Comparing our findings with those in the literature, we found that female students reported more anxiety regarding the disease. Female students of health and non-health majors were reported to have more anxiety, while no gender difference was found in another study of medical students, with both studies describing undergraduate students during or after the SARS epidemic [15,16]. In another study about MERS-CoV outbreak perceptions of risk and stress evaluation in nurses, females were also found to have significantly more fear of contracting the virus compared to males [17]. In our study, the stress score was 5.14 ± 1.72 of junior medical students were more worried, but it was not statistically significant. However, in one study, junior students reported more worries and exaggerated responses in terms of personal protection and social avoidance during SARS crisis [14].

Our sample revealed that college or hospital announcements were the most common source of information, followed by official health authority statements. This is similar to the soruces that were used by the healthcare workers about MERS-CoV from the same hospital [18]. These findings are reassuring because such sources are official, and these sources can be tailored to guide the HCWs about the outbreak extent and what is needed from them at each stage.
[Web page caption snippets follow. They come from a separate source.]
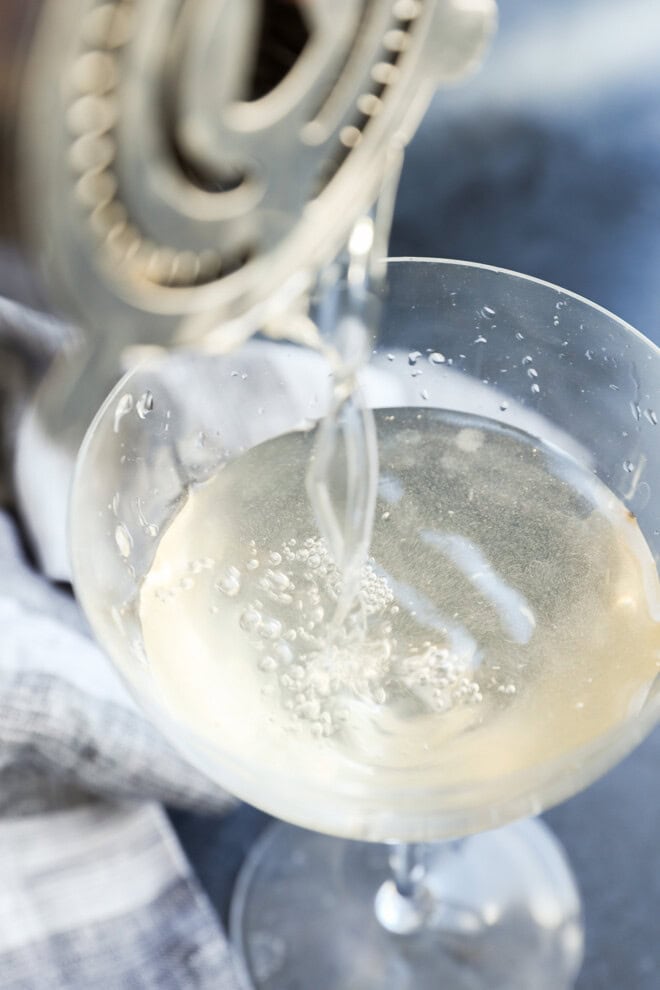 pouring a shaken dirty martini into a cocktail glass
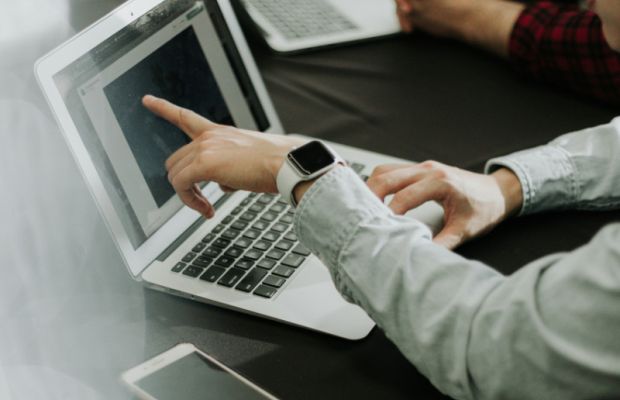 Designer pointing at logo design on laptop screen during creative process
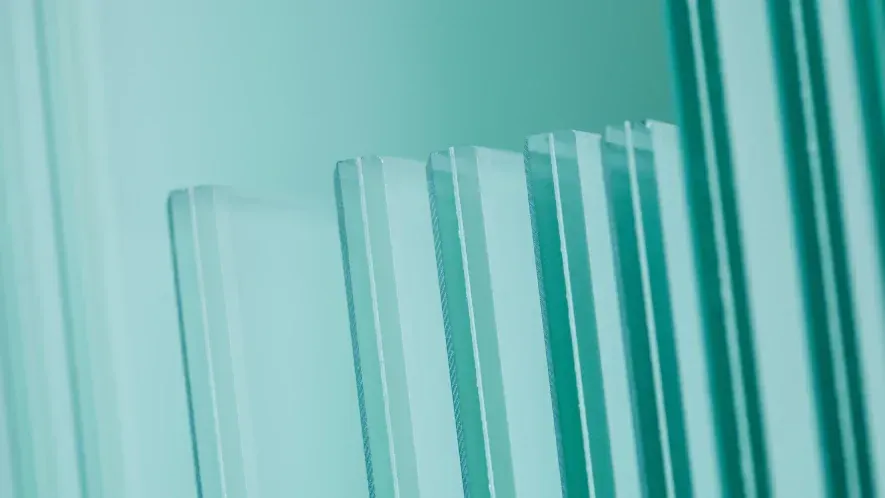 Pilhas de painéis de vidro transparente, de espessuras variadas, em tons de verde-azulado.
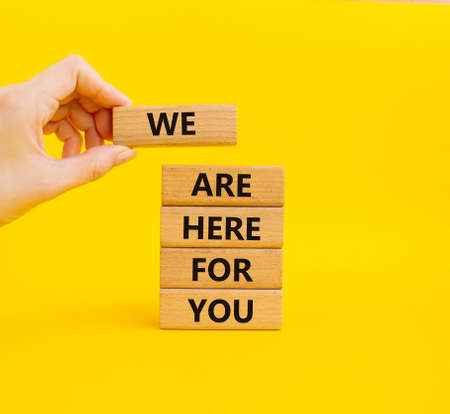 Help symbol. Wooden blocks with words 'We are here for you'. Beautiful yellow background. Businessman hand. Business and 'We are here for you' concept. Copy space.の写真素材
Perceived availability of resources of information was not found to affect knowledge, however, the number of accessed resources correlated with knowledge, denoting that the higher the numbers of resources a respondent have accessed, the higher their knowledge tended to be which is similar to another study which reported that students who use internet more than other media were more informed about SARS [16]. Moreover, another study found that the more the disease is mentioned in media, the more its seriousness was overestimated by students, and vice versa [19].

In conclusion. We found in this study that major predictors in our model, in terms of more significant to the least, were: an increased self-report on hygienic habits, self-reported social avoidance, the generalized anxiety score and finally being female gander It provides us with a perception of the amount and determinants of students’ psychological stress during this outbreak. We recommend colleges and health authorities to address medical students’ psychological needs more often in the future, especially during a crisis. These results highlight the need to establish psychological support programs for medical students during an infectious disease outbreak.

Funding

This research has been financially supported by Prince Abdullah Ben Khalid Celiac Disease Research Chair, under the Vice Deanship of Research Chairs, King Saud University, Riyadh, Kingdom of Saudi Arabia.

Conflict of interest

All authors of this study declare hereby that they have not received any support from any external organization for the submitted work. No contractual agreement for receiving financial support has been concluded with any organization that might have an interest in the submitted work. It is hereby declared that authors of this manuscript have no significant competing financial, professional or personal interests that may influence the performance or the presentation of the work described herein.

Acknowledgments

The authors express sincere thanks for Dr. Elham Bukhari and Dr. Abdullah Alwohaibi and dedicated medical students at the College of Medicine at King Saud University for their participation in this survey. We also thank Mr. Mohamad AlKhaib for his valuable data management and statistical support.